Mission Possible: How You Can Start and Operate a Soup Kitchen

Poverty Presentation for Rutgers University

By Peter Wise

  • Poverty in America – 1 in 5 kids live in poverty in America, 2010 US census says 1 out of 2 people in US live in poverty or are classified as low income – that’s 146M (48%) people, up 4M since 2009 (97M low income – 100-200% of Federal Poverty level, 49M in poverty)! Anyone know the federal poverty level is for a family of four? $22,350/yr.
  • After WWII we had the GI Bill, the middle class blossomed and many had good, living wage jobs in the manufacturing sector. Then, starting in the 1960’s or thereabouts, manufacturing jobs started migrating south to non-union (so-called right to work states ) lower wage areas, then moved offshore as we see today with China, India, and South America, Bangladesh, etc. We call it globalization. So loss of living wage jobs for those with only high school or perhaps no high school diploma, the men can’t support their families, very shame-based situation; family tensions, perhaps domestic abuse and alcohol abuse and loss of intact families. Welcome to the post-industrial era in America.
  • In Trenton, white flight and depopulation – peaked at 135,000 in 1950’s, and now continuing a downward slope at 80,000, despite the influx of many Central/South American immigrants into South Ward.
  • So, we have concentrated poverty and what are the career options for kids – welfare, drugs, gangs, flipping burgers – how many times does a 10 year old have to get beaten up because he doesn’t belong to a gang before he joins a gang?

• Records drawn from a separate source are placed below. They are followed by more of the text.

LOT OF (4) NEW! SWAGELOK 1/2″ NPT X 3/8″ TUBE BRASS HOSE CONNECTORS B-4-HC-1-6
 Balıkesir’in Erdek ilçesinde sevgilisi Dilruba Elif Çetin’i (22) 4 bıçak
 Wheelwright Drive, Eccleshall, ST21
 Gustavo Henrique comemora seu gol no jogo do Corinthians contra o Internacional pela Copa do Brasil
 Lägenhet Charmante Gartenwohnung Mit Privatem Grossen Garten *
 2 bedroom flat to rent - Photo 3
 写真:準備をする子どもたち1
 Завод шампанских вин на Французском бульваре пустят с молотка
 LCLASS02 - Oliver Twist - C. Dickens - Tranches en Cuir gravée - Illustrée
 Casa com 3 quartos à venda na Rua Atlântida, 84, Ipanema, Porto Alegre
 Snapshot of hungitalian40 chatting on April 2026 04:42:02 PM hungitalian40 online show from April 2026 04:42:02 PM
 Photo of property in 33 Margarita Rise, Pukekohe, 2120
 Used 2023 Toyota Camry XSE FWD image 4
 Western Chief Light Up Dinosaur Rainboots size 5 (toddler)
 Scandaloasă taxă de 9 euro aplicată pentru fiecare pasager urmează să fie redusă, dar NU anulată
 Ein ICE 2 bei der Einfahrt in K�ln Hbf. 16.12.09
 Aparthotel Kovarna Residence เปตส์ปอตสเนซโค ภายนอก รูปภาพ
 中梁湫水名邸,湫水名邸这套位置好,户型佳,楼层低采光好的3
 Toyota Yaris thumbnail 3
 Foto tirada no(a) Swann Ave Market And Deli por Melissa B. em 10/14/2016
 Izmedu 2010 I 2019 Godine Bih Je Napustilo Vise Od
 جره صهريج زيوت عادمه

It’s a very rational decision at that point. Had I been faced with that dilemma I would have joined the gang for survival. But that’s the slippery slope that eventually points to prison.
  • Lack of good role models, absentee fathers, school drop-out rates greater than 50%, unsafe neighborhoods, often chaotic households, mothers not being responsible, children raising children.
  • Boys act out to acquire their manliness and pride; girls are looking for someone to love and love them back – they might get pregnant to love the baby and the baby is like your little doll – you can love it and it depends on you.
  • Think of the 10 year-old negotiating his way home through the mean streets to an apartment with maybe multiple families living in it, no much in the frig, maybe Mom is out of it; another draw to the gang – they are your friends and family.
  • This is not a land of equal opportunity – there is not a level playing field - how is it equal when the 10 year-old comes home to an apartment that may not have reliable heat and electricity and this kid has to compete for a job with kids who live elsewhere who have computers in their bedrooms?
  • I suggest that many of these children are suffering PTSD because of the lack of safety and security and nurturing that we all need on a very basic level. And the cycle continues as they grow up.

How to Reduce Poverty

  • In Trenton - three legged stool – need for affordable housing, decay of beautiful housing stock and people standing on the street corner with no work. Train them - incentivize them to become electricians, bricklayers, carpenters, plumbers. They rehabilitate the housing stock and voila! we have affordable housing for people.
  • Do it with public/private partnerships.
  • Nationally, take it to scale – infrastructure, roads, bridges, tunnels, fiber optic cable, alternative energy sources, electrical grid.
  • Get America back to work – CCC/WPA/ National Recovery Act – we did it in the 1930’s, we did it again after WWII - we helped rebuild Europe - Marshall Plan.
  • Create good paying in America so people can earn a living and then pay taxes.
  • Other things needed – Better drug treatment programs – six months, residential programs – cheaper than building prisons; better mental health treatment programs; for depopulated cities – urban gardens, and incentivize food companies to come to the cities so we don’t have food deserts. I could go on.

More about TASK

  • A private, non-sectarian, nonprofit, 501 (c) 3, tax exempt org; since 1982 from humble beginnings, kicked out of 1st UMC, business people upset, TASK itself homeless, serving sandwiches out of the back of station wagons parked at an open corner lot in Trenton, finally raised $600K in 1991 to build their own place – where? Back street, next to the dog pound, animal shelter. But we are where we need to be with respect to those living in poverty in the North Ward.
  • Now the largest public feeding place in the Trenton region – on the way to 200,000 per year – for-profit restaurateurs would kill for those numbers.
  • Mission Statement - serve nutritious meals, help our patrons (others call them clients, consumers, guests) to lead lives of self-sufficiency and improved quality of life; advocacy (voice for the voiceless in our society). Testify before State Legislative Committee Hearings, write op-ed pieces, give talks.
  • Two stories about the Adult Ed program – 1. South Carolina truck driver 2. Guy with brother in prison.
  • All this leads to need for Strategic Plan – road map for how to implement the mission statement, visioning where do we want to be in 3 or 5 years?
  • What specific goals should we have and what specific actions do we need to take to meet those goals to achieve the vision? Watch out for Mission Creep.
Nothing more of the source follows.